--- TRY IT ---
Work through the lines of the material below, note those with the word "Crystal", and give their number, nothing else.

___ SUPPLIED INFORMATION ___

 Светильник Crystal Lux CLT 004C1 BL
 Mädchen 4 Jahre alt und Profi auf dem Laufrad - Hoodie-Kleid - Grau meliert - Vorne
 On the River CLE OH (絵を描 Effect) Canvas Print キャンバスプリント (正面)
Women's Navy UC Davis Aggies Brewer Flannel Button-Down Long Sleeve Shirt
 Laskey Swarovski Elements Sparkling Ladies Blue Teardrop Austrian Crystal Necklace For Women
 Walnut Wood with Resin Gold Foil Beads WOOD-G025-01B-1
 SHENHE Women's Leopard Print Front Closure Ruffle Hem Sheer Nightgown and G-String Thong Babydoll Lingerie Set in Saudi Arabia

___
___ SUPPLIED INFORMATION ___

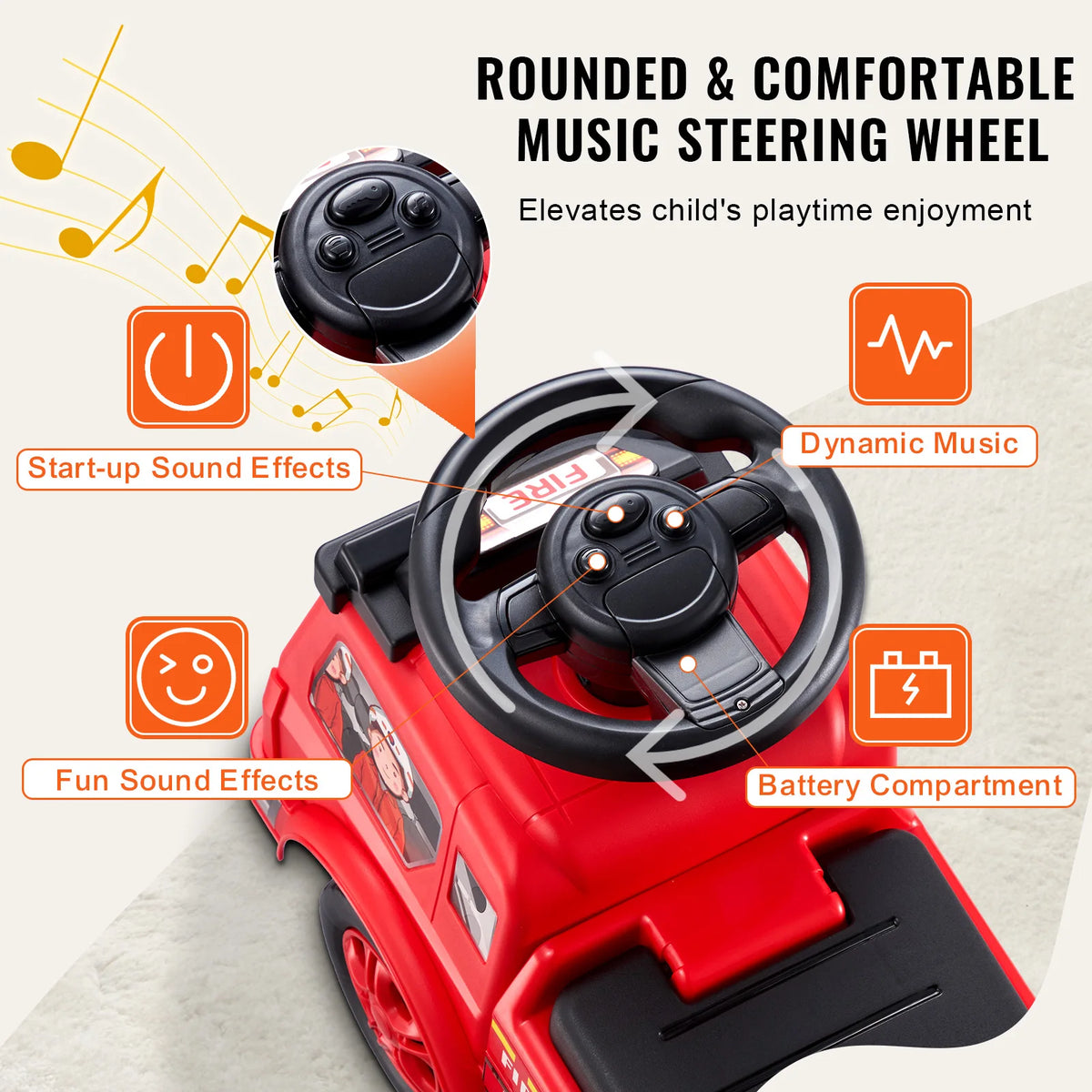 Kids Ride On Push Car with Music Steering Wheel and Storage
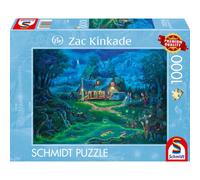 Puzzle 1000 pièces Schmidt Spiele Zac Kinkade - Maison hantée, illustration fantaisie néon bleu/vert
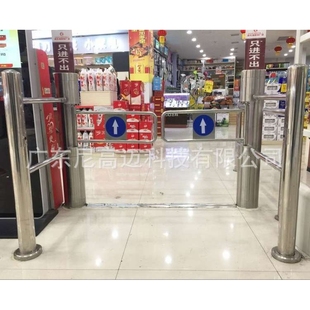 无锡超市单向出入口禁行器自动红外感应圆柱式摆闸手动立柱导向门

___
___ SUPPLIED INFORMATION ___

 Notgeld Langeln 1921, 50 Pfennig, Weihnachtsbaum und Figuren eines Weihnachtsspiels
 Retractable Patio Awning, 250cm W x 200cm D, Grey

___

--- TASK RESPONSE ---
2